IUCN Status: Vulnerable
In their natural habitat they prefer prey items from 10 to 40 kgs in weight. This type of prey tends to live in dense habitat and small herds (impala, duiker, gazelle, bushbuck, warthog, sitatunga, lechwe in Africa, muntjac, chital, sambar and wild boar in Asia). Depending on if larger carnivores are absent they can kill by suffocation animals up to 500kgs such as immature giraffe or eland. If prey becomes scarce or the vegetation recedes or changes they are just as content to hunt rats and smaller primates!
Melanistic leopards occur predominantly in the Malay Peninsula. Specifically In the narrow straight joining Myanmar and Thailand. This is the dominant colour form in that area despite being a recessive gene elsewhere! They have occured elswhere in the past and occur in 5 of the 9 the leopard races but they are rare and confined to populations in moist tropical forest. Unfortunately the black leopards in captivity have an unknown history so no breeding programmes can ever be considered. Leopards can breed all year round, with an oestrus cycle of 46 days they are receptive for 6-7 days of this. Gestation is about 95 days and birth usually takes place in a cave, crevice among boulders, hollow tree, or thicket to make a den. Cubs are born with closed eyes, which open four to nine days after birth and then remain with their mother until weaned at about 12 - 18 months.
We have the only pair of melanistic or black leopards in the UK. There are probably less than 20 individuals remaining within Europe today as the space within zoos is given to the threatened races of leopard such as the Amur or Persian leopard. Zoysa our big male (65 kgs) was hand reared and "Ebony" our female (weighing only about 40 kgs) have been togethe since 2009. Unfortunately no successful breeding has occured. We do a timed daily feed session at 4.00pm in the summer at their enclosure and engage everybody with a mix of leopard fact and Exmoor beast stories!
Leopards have the largest distribution of all big cats from sub-Sahara Africa to eastern and southern Asia. They can survive in virtually any habitat that suitable prey can be found including urban areas of India like Mumbai where they live on feral pigs and dogs. However, they are reknown for living in rainforest and savanna! Typical extremes would be the Amur leopards in far east Russia whicjh survive at -25C in temperate forests, the sub-Saharan African leopards of Senegal that endure the semi arid areas of the Sahara desert or the Asian black leopards of the dense humid jungles of the Malay Peninsula.
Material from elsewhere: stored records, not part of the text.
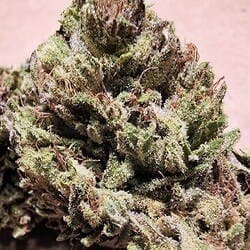 $100 Ounce of the Day - Lil' Wayne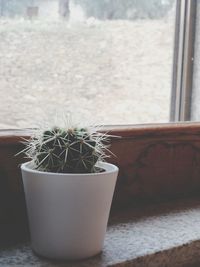 Close-up of potted plant on window sill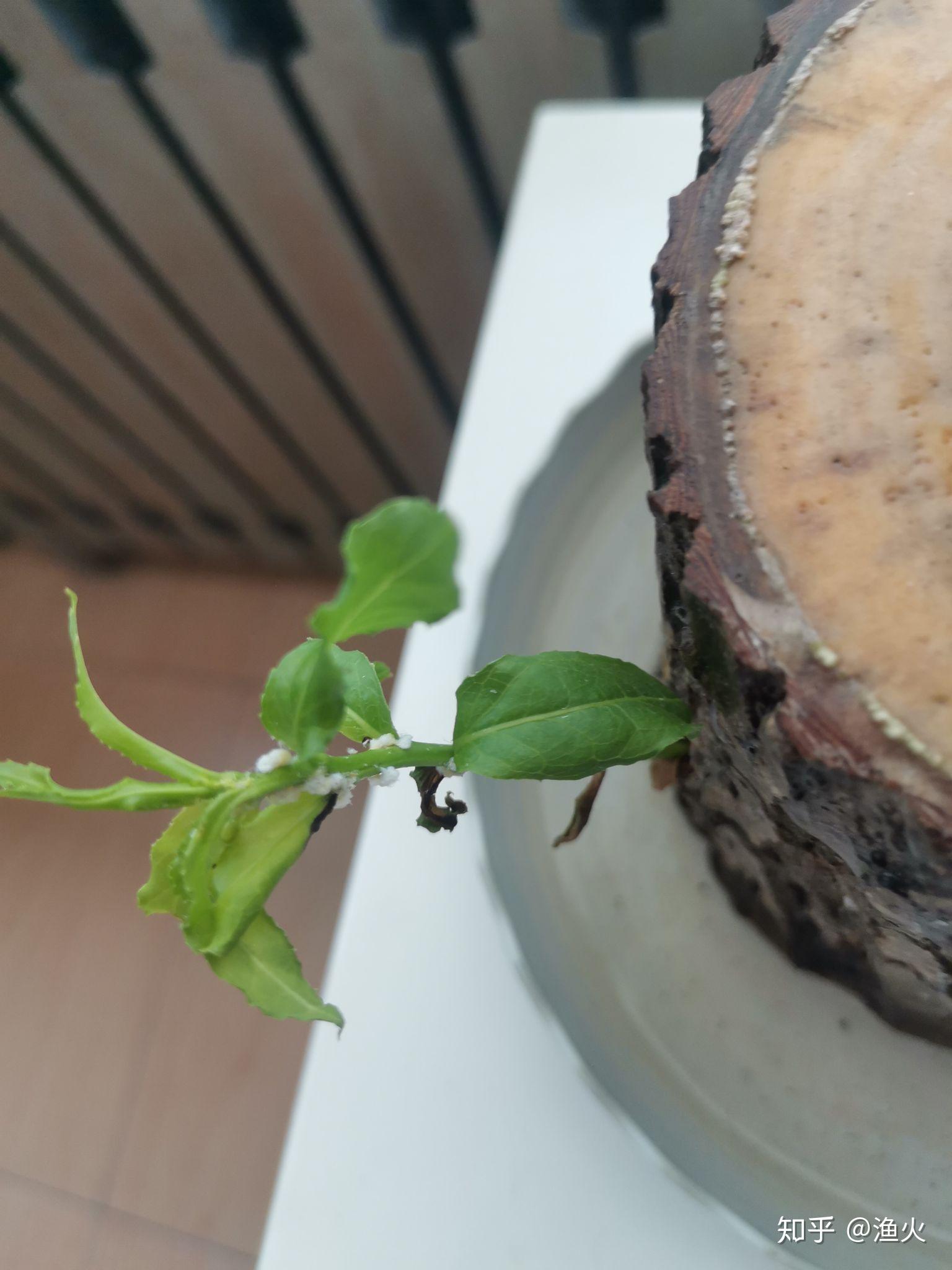 2021考研党蹲一个幸运木伪巴西木实为小柳树墩子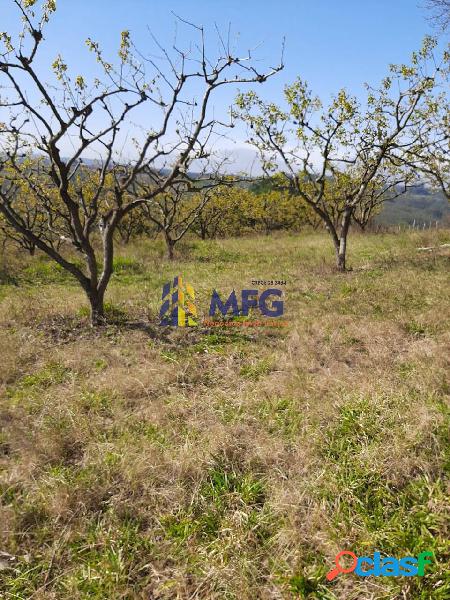 Fazenda a venda em São Miguel Arcanjo 50 Alqueires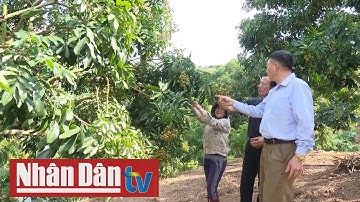 Tái cơ cấu sản xuất nông nghiệp theo hướng hữu cơ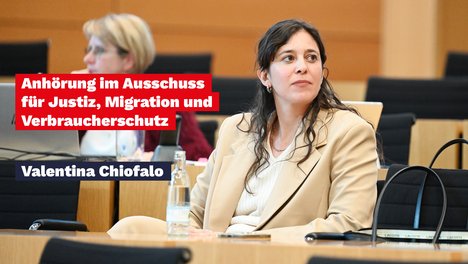 Anhörung AfD-Verbot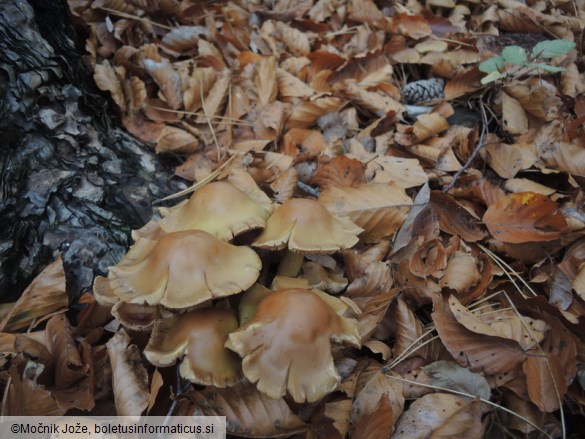 Pholiota pinicola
Sightings of black leopards have been consistently seen in and around Exmoor in the UK since the introduction of the Dangerous Wild Aninal Act in 1976! The most recent sighting in the Quantock hills in Somerset: The Exmoor Beast (http://www.dailymail.co.uk/news/article-4415922/Panther-like-beast-spotted-Crowcombe-Park-Gate.html) A recent BBC radio 4 podcast about the "Exmoor Beast": Leopard (https://www.bbc.co.uk/programmes/b09dxz1j0) Man eating leoards have been famous in the past and a famous conservationist Jim Corbett is remebered for killing the "Panar leopard" and the "leopard of Rudraprayag" who killed over 500 peole between them.
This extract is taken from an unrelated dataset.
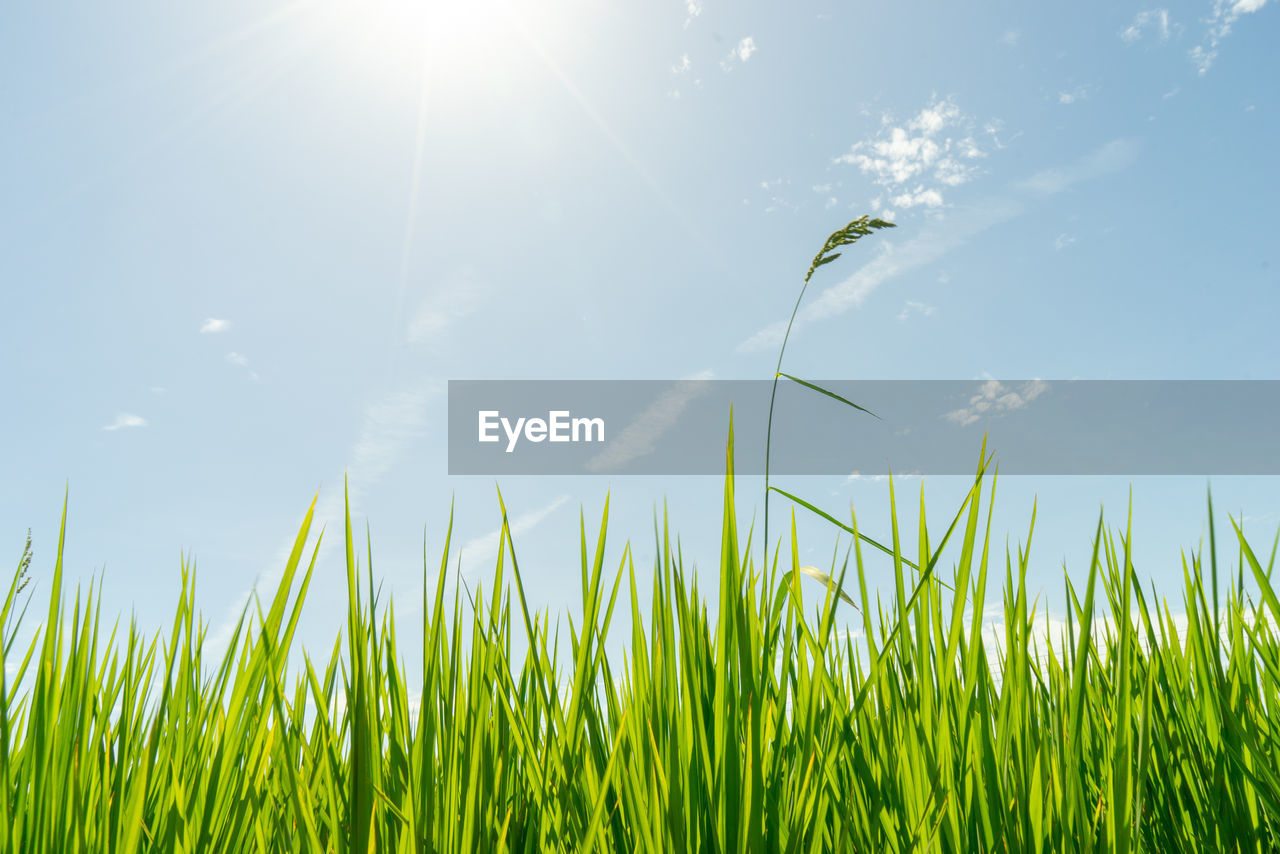 PANORAMIC SHOT OF GRASS ON FIELD AGAINST SKY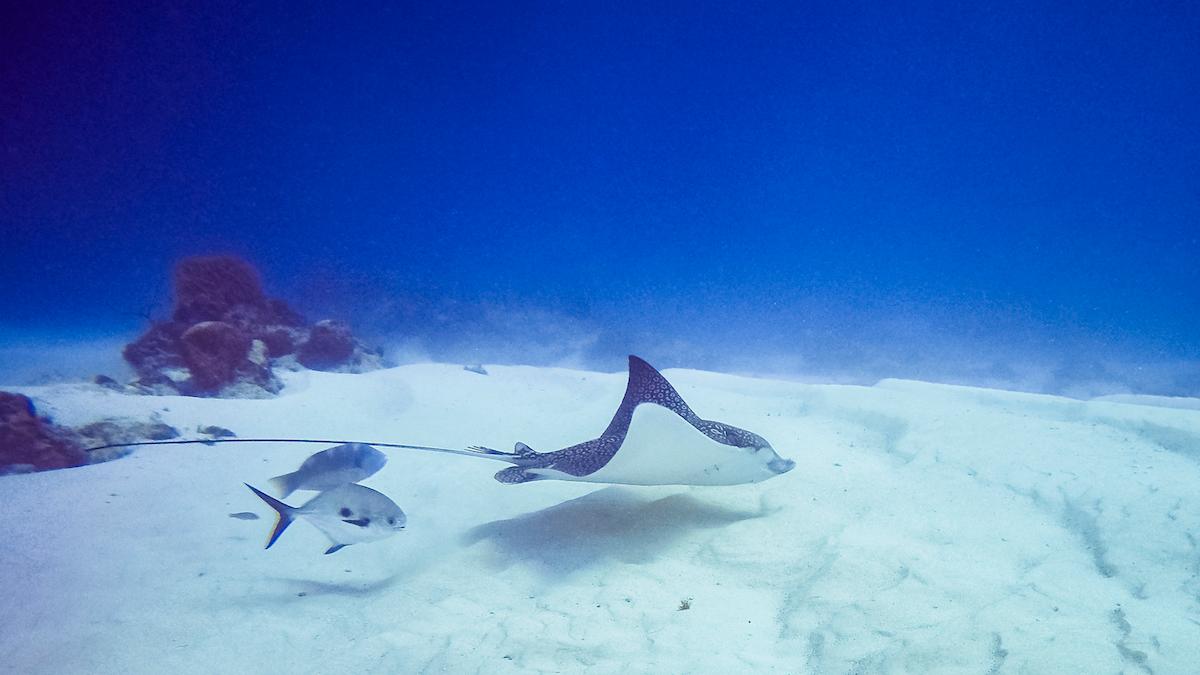 Kan det nya internationella FN-fördraget om skydd för världshaven påverka gruvdrift på havsbotten?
Solitary and territorial except when breeding or with cubs. The size of their territory depends on the density of prey, other large carnivores and whether they live on the African or Asian continent, male or female or if they are near people. They can be as little as a kilometre apart with related females in Kruger National Park or males can have territories stretching over 175 square miles in Namibia! Male territories overlap females and may encompass two or three diferent females that they gaurd against other males by scent marking and patrolling. They are very adaptable and are active when it best suits the prey they are hunting. Usually this means they are nocturnal but not necessarily so and their speed over 56km/h along with their strength and agility enables them to be very flexible and cache their prey particulary up trees away from other predators.